En agissant ainsi, le gouvernement a violé plusieurs Conventions dont il est signataire, notamment la Convention 169 de l’OIT et la Déclaration des Nations-unies sur les droits des peuples indigènes qui prévoit l’obligation pour l’État péruvien de consulter les communautés indigènes avant de prendre des décisions qui pourraient affecter leurs conditions de vie.
Le drame de Bagua oblige le gouvernement à revoir sa copie. Une majorité parlementaire a « suspendu indéfiniment » deux décrets parmi les plus contestés : le décret 1090 appelé « Loi forestière et de la faune sylvestre » et le 1064 établissant le régime juridique des terres à usage agricole. Les Indiens réclament l’abrogation pure et simple de l’ensemble des décrets et maintiennent leur mobilisation.

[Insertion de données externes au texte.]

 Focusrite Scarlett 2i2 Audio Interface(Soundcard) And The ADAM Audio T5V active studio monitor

Le CADTM tient à rappeler son opposition déterminée aux traités et accords néo-colonialistes promus par les États-Unis et l’Union européenne ainsi qu’aux politiques d’ajustement structurel imposées par les institutions financières internationales, servant les intérêts des transnationales occidentales.
Le CADTM est pleinement solidaire des luttes menées par les peuples indiens du Pérou, et plus généralement par les peuples des Andes, contre les traités de libre commerce et les politiques néolibérales promues par la Banque mondiale et le FMI.

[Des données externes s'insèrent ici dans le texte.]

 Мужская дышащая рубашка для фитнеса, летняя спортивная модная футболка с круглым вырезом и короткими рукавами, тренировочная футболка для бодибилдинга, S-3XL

Le CADTM exige du gouvernement péruvien :
la suspension de l’État d’urgence et la libération sans condition des personnes arrêtées lors des manifestations et justice pour les victimes.
l’arrêt immédiat de la répression orchestrée par le gouvernement d’Alan Garcia à l’égard des peuples indigènes et le respect de leurs droits, conformément à la Convention 169 de l’OIT et à la Déclaration des Nations-unies sur les droits des peuples Indigènes.
l’abrogation immédiate de tous les décrets anticonstitutionnels et son retrait du TLC.
Au moment où l’Europe est en train de négocier des accords commerciaux avec le Pérou ainsi qu’avec la Colombie, le CADTM exige de l’Union européenne :
l’arrêt des négociations commerciales illégitimes, menée sans consultation des peuples, par l’Union européenne avec le Pérou et la Colombie, qui sont par ailleurs les deux régimes les plus autoritaires de l’Amérique du Sud.
la mise en place un modèle économique radicalement différent basé sur la satisfaction des droits humains fondamentaux de tous les peuples. Cela passe nécessairement par l’annulation totale de la dette, illégitime et largement odieuse, et par une nouvelle architecture financière internationale.